Nous verrons donc ces pucelettes sacrifiées et dévorées comme les représentations imaginaires de cette gestion de l’inconscient collectif, représentations imaginaires de la construction de la conscience et du moi, de la médiation cyclique entre l’homme et sa matière première. L’anima ainsi fonctionnalisée est bien l’archétype de « l’appel psychologique » (J. HILLMAN) car avant de devenir conscients, nous devons commencer par entrevoir que nous sommes inconscients. 
L’enfant sacrifiée est le prélude à la venue du héros. Elle était, tout à l’heure, le second terme d’une différenciation, elle devient à présent qu’elle est délivrée, le troisième terme d’une transcendance, d’un au-delà du combat avec le dragon. 
Comme le disait le poète Reiner-Maria RILKE « Tous les dragons de notre vie ne sont sans doute que des princesses qui attendent de nous voir beaux et courageux. »  

3.Le héros.  
Le temps, initialement circulaire, éternel, s’est « décircularisé » pour se « spiraler » et progresser. Il faut que cette germination d’un féminin dans le noir, la nigredo des alchimistes, aboutisse et voie le jour. Il faut, au risque de rester à jamais dans l’inconscience primordiale sans fin, qu’un point de rupture se pose sur cet enchaînement, qu’une insurrection voie le jour. Comme Zeus, aidé par sa mère Rhéa, fut dérobé aux appétits dévorateurs de l’ogre Cronos . Ecoutons Hésiode, cité par Michel CAUTAERTS, décrire cet épisode dans sa « Théogonie » : « Mais vint le jour où elle allait mettre au monde Zeus, père des dieux et des hommes ; elle suppliait alors ses parents, Terre et Ciel Etoilé, de former avec elle un plan qui lui permît d’enfanter son fils en cachette […] 
ils l’amenèrent à Lyctos, au gras pays de Crète, le jour où elle devait enfanter le dernier de ses fils, le grand Zeus ; et ce fut l’énorme Terre qui lui reçut son enfant pour le nourrir et le soigner dans la vaste Crète. 
L’emportant donc à la faveur des ombres de la Nuit rapide, elle atteignit les premières hauteurs du Dictos, et, de ses mains, elle le cacha au creux d’un antre inaccessible, dans les profondeurs secrètes de la Terre divine, aux flancs du mont Egéon,que recouvrent des bois épais.
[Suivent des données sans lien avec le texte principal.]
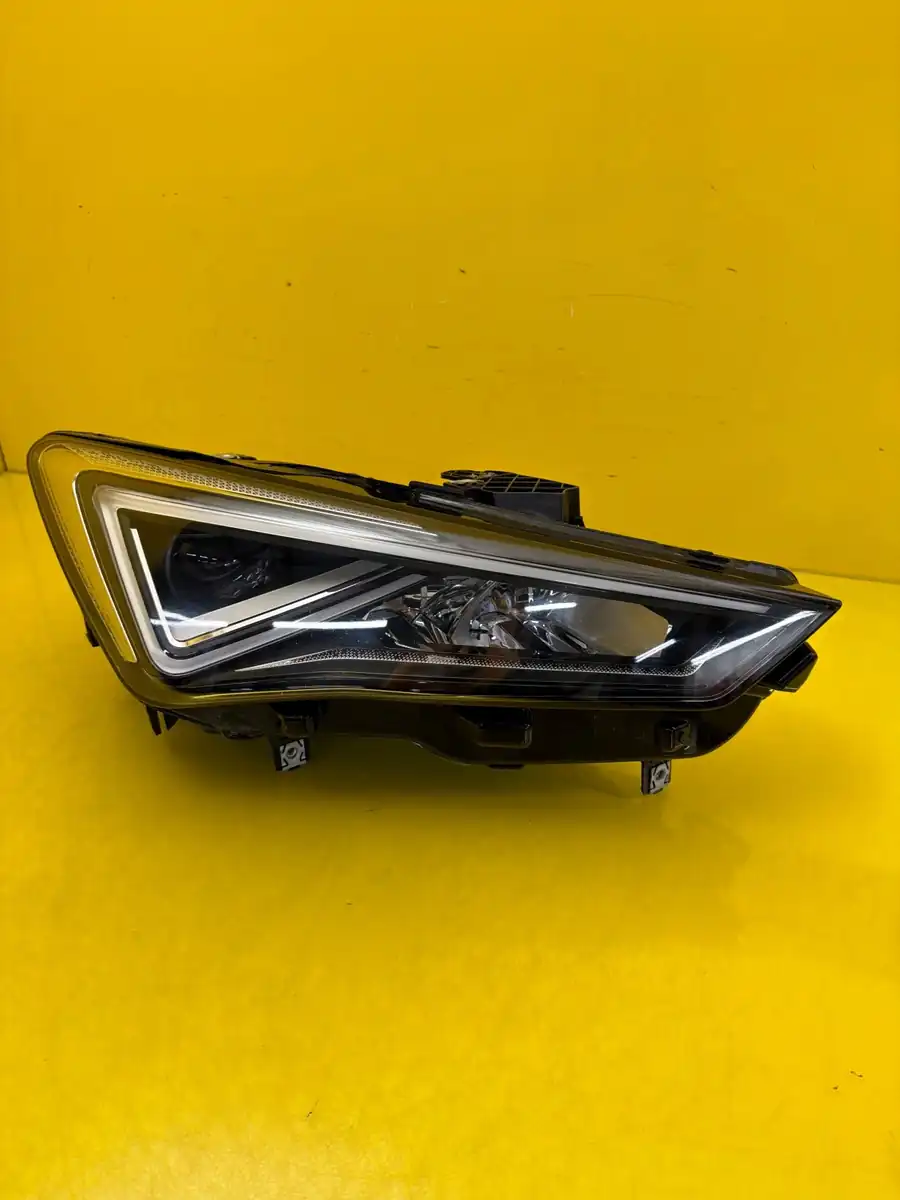 Far Dreapta Seat Cupra Formentor 5Fge Full LED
Puis, entourant de langes une grosse pierre, elle le remit au puissant seigneur, fils de Ciel, premier roi des dieux, qui la saisit de ses mains et l’engloutit dans son ventre, le malheureux !, sans que son cœur se doutât que, pour plus tard, à la place de cette pierre, c’était son fils, invincible et impassible, qui conservait la vie et qui devait bientôt, par sa force et ses bras, triompher de lui, le chasser de son trône et régner à son tour parmi les immortels. » (M. CAUTAERTS, « Couples des dieux, couples des hommes. De la mythologie à la psychanalyse au quotidien ») 
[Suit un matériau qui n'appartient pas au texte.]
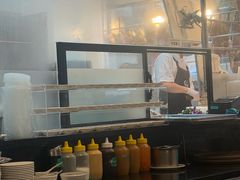 -香港新发烧腊茶餐厅(书城店)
Dans notre légende également, l’enfant jusqu’ici dévoré peut-être sauvé. Le temps, jusqu’ici circulaire et fermé, peut donc s’écouler spiralé et linéaire, une différenciation s’opérer, un couple pucelle – héros voit le jour, un couple de contraires féminin – masculin. Figure d’animus, le héros agit, réalise dans ses actes ce que l’individu, le sujet pourrait ou devrait faire. Ce qui devrait se produire sur un plan conscient ne se produit pas, ne se concrétise pas ou pas encore, « s’exécute 
dans l’inconscient et apparaît ensuite sous forme de figure projetée » (Jung, « Métamorphoses de l’âme et ses symboles »), un combattant de notre imaginaire qui réalise ce qui nous est consciemment impossible. 
Sur le plan psychologique, un champ de conscience avec un Moi armé et outillé, peut émerger de l’inconscience. Comme l’écrit Lucie JADOT dans un article intitulé « Le Mythe du Héros selon Jung » : « … accomplissant des exploits extraordinaires et périlleux, il (le héros) est la projection de l’idéal du moi de l’homme ordinaire. Car l’homme, tout homme, est le héros psychologique de son combat pour l’autonomie du moi :l’archétype du héros, activé dans la psyché, suscite des émotions, images, motivations qui peuvent être projetées sur le héros mythique, amplifiant, exaltant et glorifiant l’épreuve que vit le moi. » 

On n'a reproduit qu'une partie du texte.